Сказать ли на ушко, яснее, мысль мою?

Худые песни Соловью

В когтях у Кошки

 

Так заканчивал Крылов басню, содержание которой не исчерпывается лишь общим суждением о печальном и бесправном положении писателя, находящегося в когтях цензуры. Крылов имел здесь в виду и конкретные исторические факты. Написание басни, несомненно, связано с обсуждением нового цензурного устава, составление которого поручено было Главному управлению училищ (принят он был в 1826 году). Начав свою работу в июне 1820 года, «Комитет о преобразовании цензуры» представил проект устава в его окончательной редакции в мае 1823 года.

В «проекте мнения о цензуре» реакционер Магницкий писал: «8. Составить такой устав для цензуры, который бы обнимал все извороты и уловки настоящего духа времени…» «9. Всякое сочинение, не только возмутительное против властей предержащих, но и ослабляющее, в каком-либо отношении, должное к ним почтение, запрещать».[20] Сопоставление этих данных с басней Крылова рисует атмосферу, в которой она появилась и указывает на «реалии», натолкнувшие Крылова на сочинение этой басни, тем более что через А. Н. Оленина, бывшего членом Комитета, Крылов, несомненно, был в курсе всех происходивших обсуждений цензурного устава. Любопытное иронически-отрицательное замечание Крылова о цензуре приводит Жуковский: «Крылов говорит о цензуре: запрещено впускать в горницу плешивых. У дверей стоит сторож. Кто чисто плешив, тому нет входа. Но тот, у кого или лысина, или только показывается на голове как будто такое место, что нам делать? Тут и наблюдателю и гостю худо. А если наблюдатель трус, то он и примет лысину за плешь».[21]
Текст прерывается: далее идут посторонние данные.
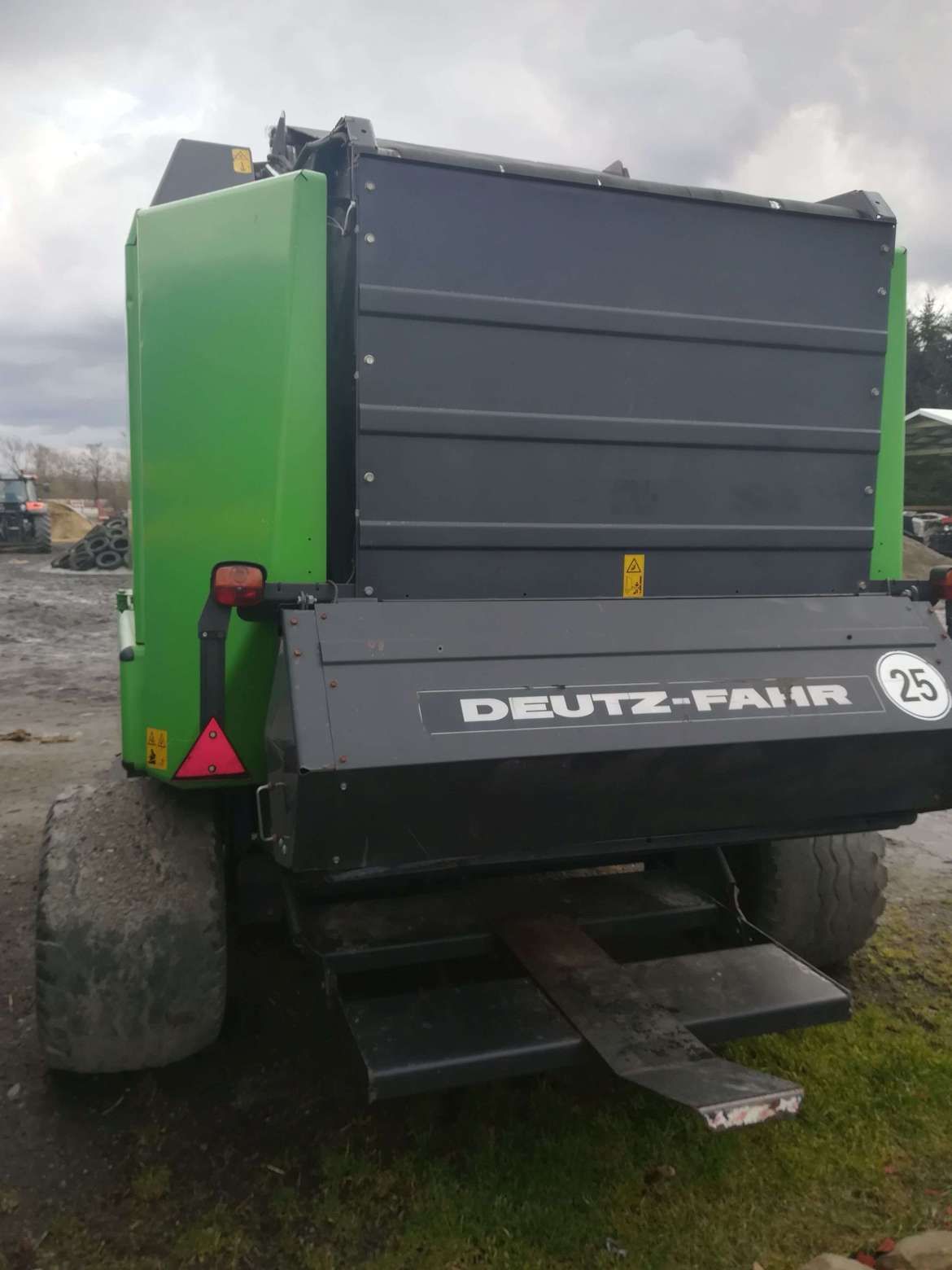 Prasa rolująca Deutz Fahr  2004 rok 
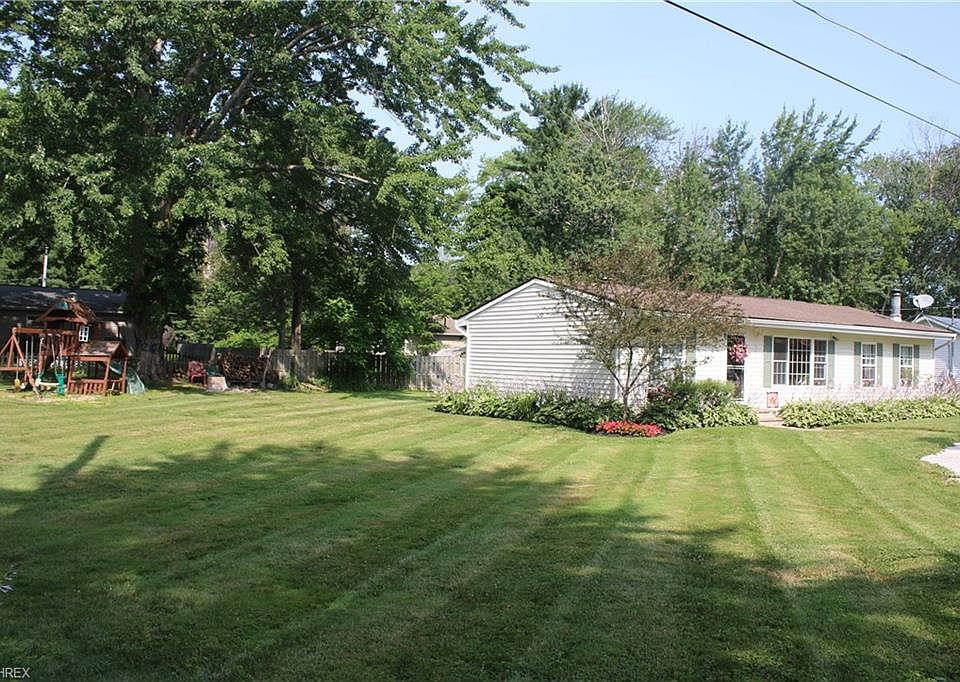 1st image of 1568 Glenview Ave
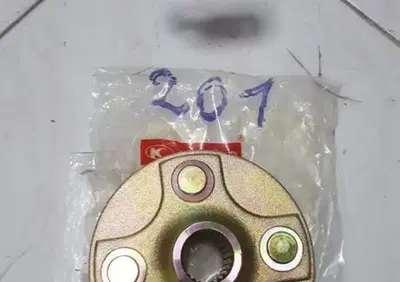 FLANGIA SUPPORTO CERCHIO POST. QUAD MXR 50 125 150 Kymco - Annuncio 7571333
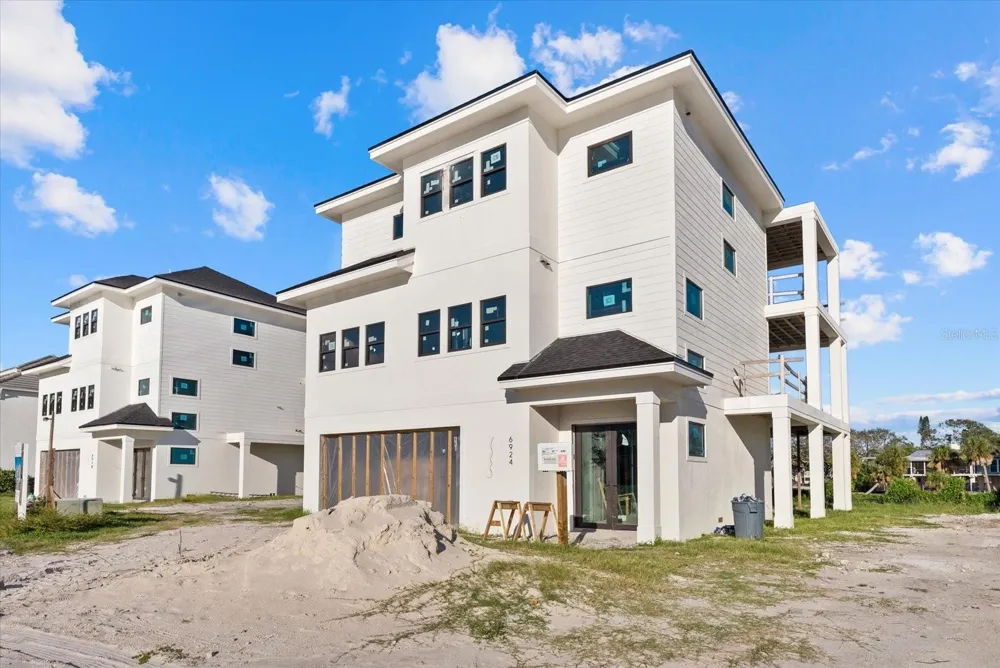 6901 BOCHI CIRCLE Sarasota, FL 34242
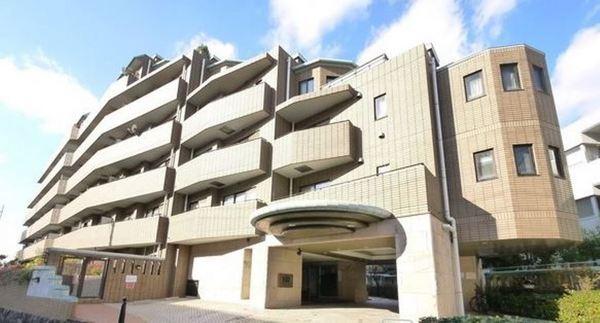 渋谷区本町４丁目のマンション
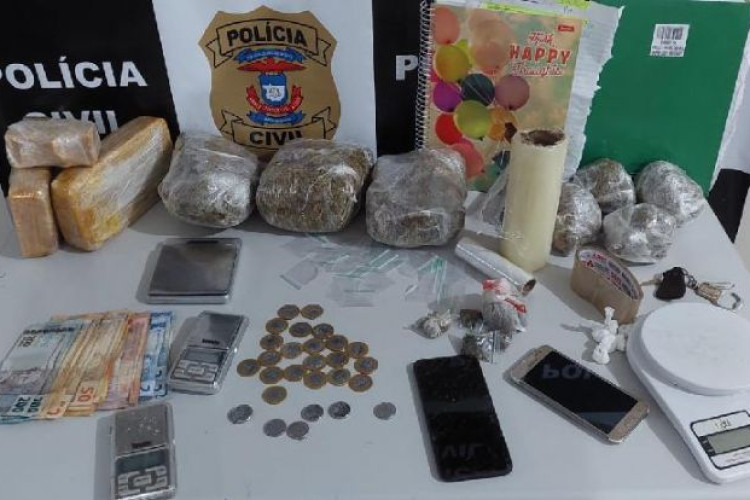 Suspeito de tráfico é preso em flagrante com cinco quilos de entorpecentes em Pontes e Lacerda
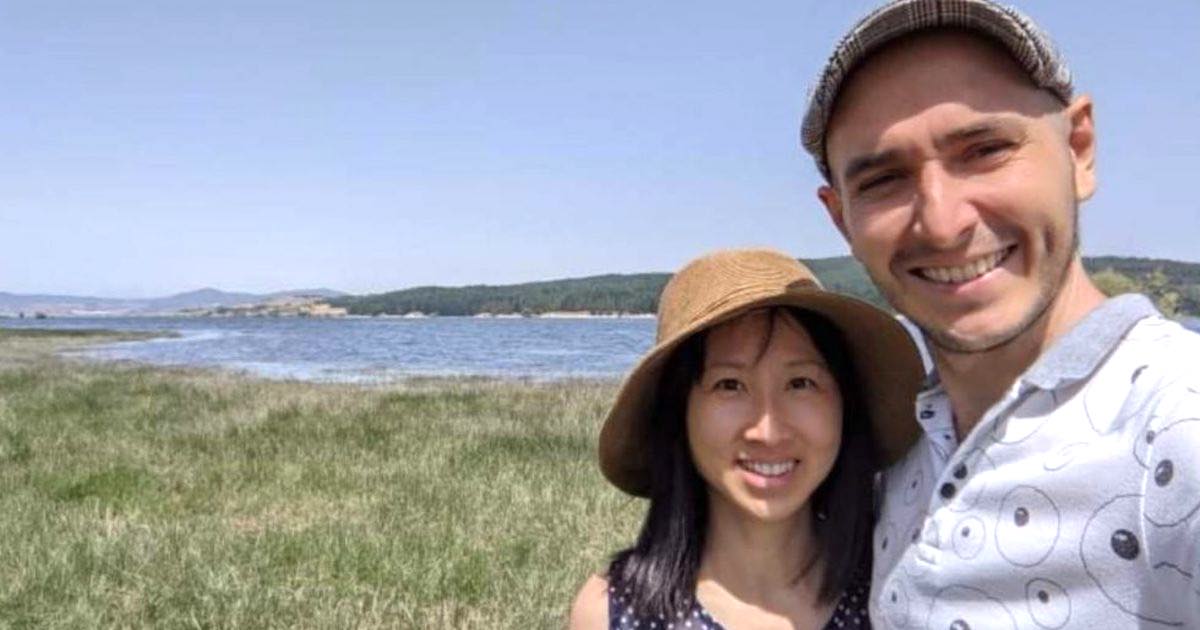 Un biologo e la moglie ingegnere lasciano Singapore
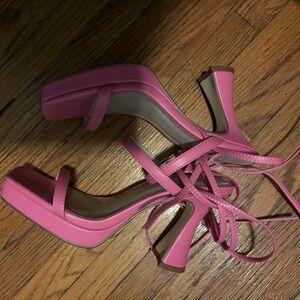 Pink Heels, only walked a block with it to try / like new ,without the box .
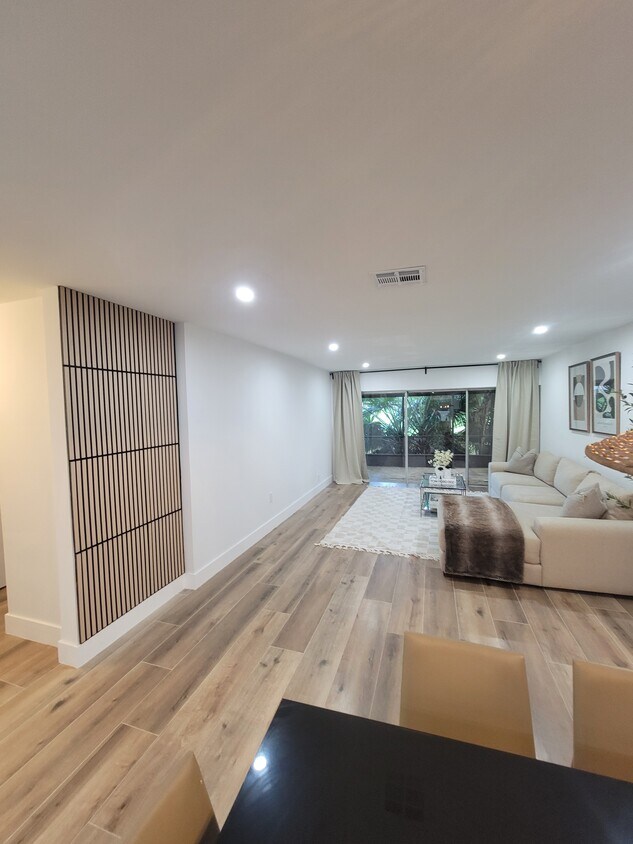 Foto del edificio - 9442 Oakburst Ln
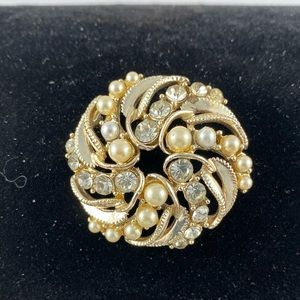 Vintage gold tone brooch with clear rhinestones and pearls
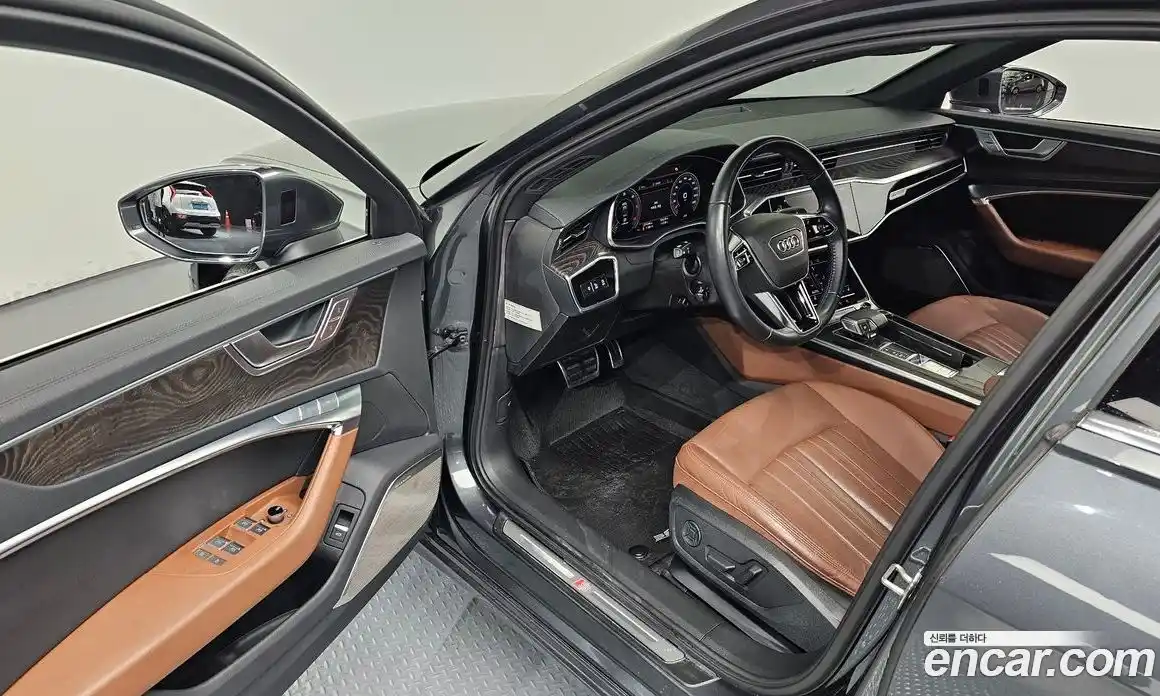Audi A6 2020 2.0 автомат (гидро), фото 13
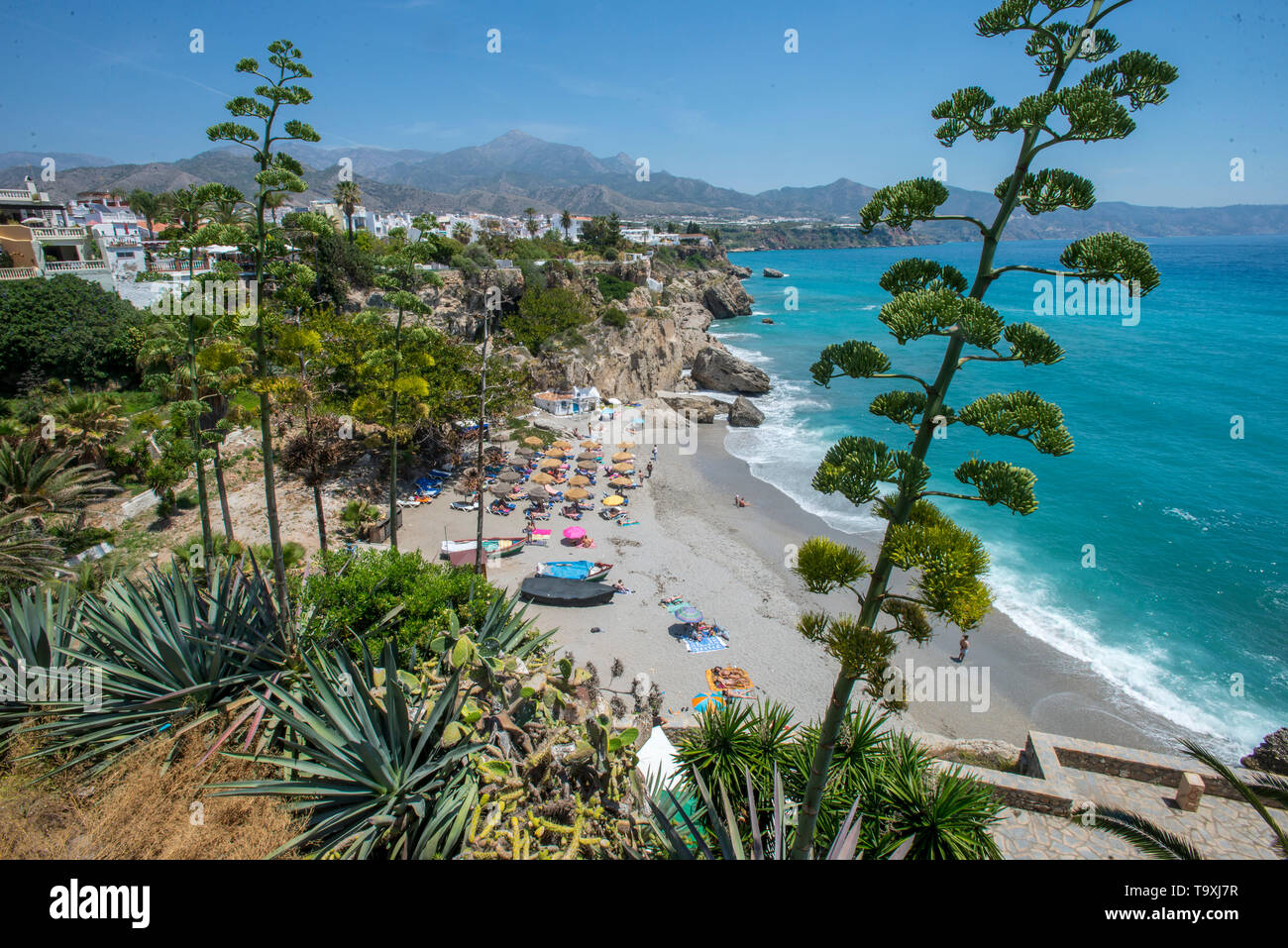 La spiaggia di Nerja sulla Costa del Sol, Spagna. Foto Stock
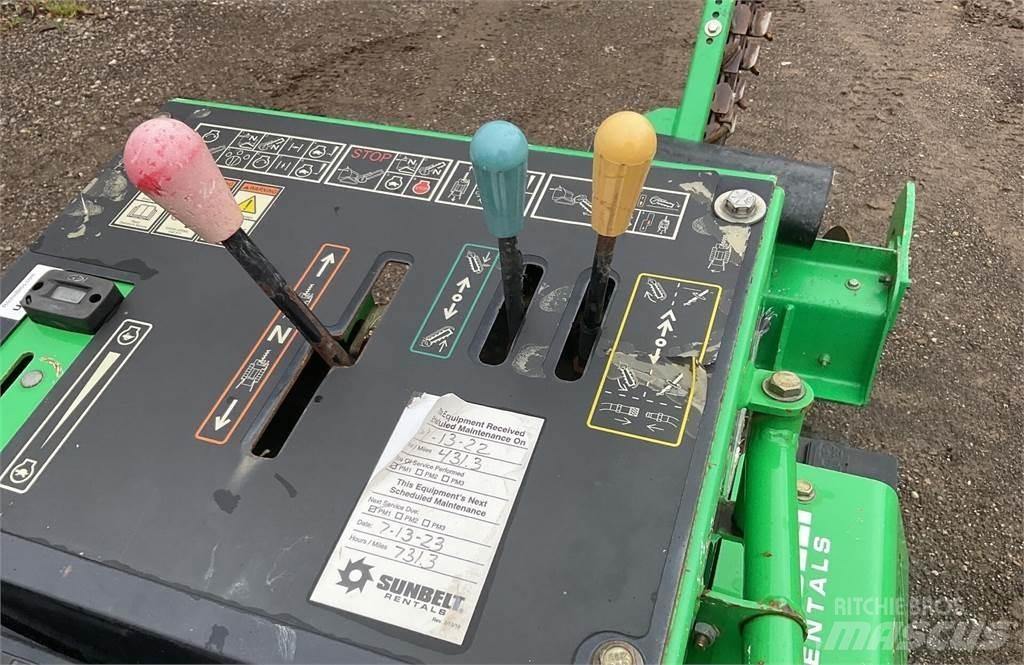 Vermeer RTX250 Trenchers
Да и в басне «Соловьи» (1823) Крылов столь же прозрачно говорит о положении поэта-баснописца, посаженного в клетку и вынужденного «петь» в неволе:

А мой бедняжка Соловей,

Чем пел приятней и нежней,

Тем стерегли его плотней.


Напомним дружескую, но, тем не менее, совершенно официальную опеку, которой Крылова на протяжении всей его деятельности окружал А. Н. Оленин, один из «просвещённейших» и влиятельных вельмож, внимательно следивший за «благонамеренностью» баснописца. По свидетельству дочери Оленина, В. А. Олениной, «эта басня была написана Крыловым для батюшки», то есть А. Н. Оленина, что подтверждает тот смысл басни, о котором здесь говорится.[22]

Басни Крылова «Рыбья пляска», «Пёстрые овцы», «Бритвы», «Кошка и Соловей», «Булат» и многие другие содержат смелые политические намёки на деспотический произвол, на беззакония, творимые властями и самим царём. В них мы видим отнюдь не добродушного и якобы примирившегося с «порядком вещей» моралиста, как обычно представляла Крылова дореволюционная, буржуазная критика, а писателя-гражданина, смелого сатирика и обличителя общественных пороков.

У Крылова даже традиционные басенные сюжеты и мотивы приобретают новое, злободневное сатирическое звучание, резкую политическую остроту. В таких баснях, как «Мор зверей» и «Лягушки, просящие Царя», казалось бы давно знакомые сюжеты превращаются в жгучую, политически направленную сатиру на самодержавный произвол разоблачают вопиющую несправедливость социальных отношений, основанных на деспотической власти царя и господствующих классов.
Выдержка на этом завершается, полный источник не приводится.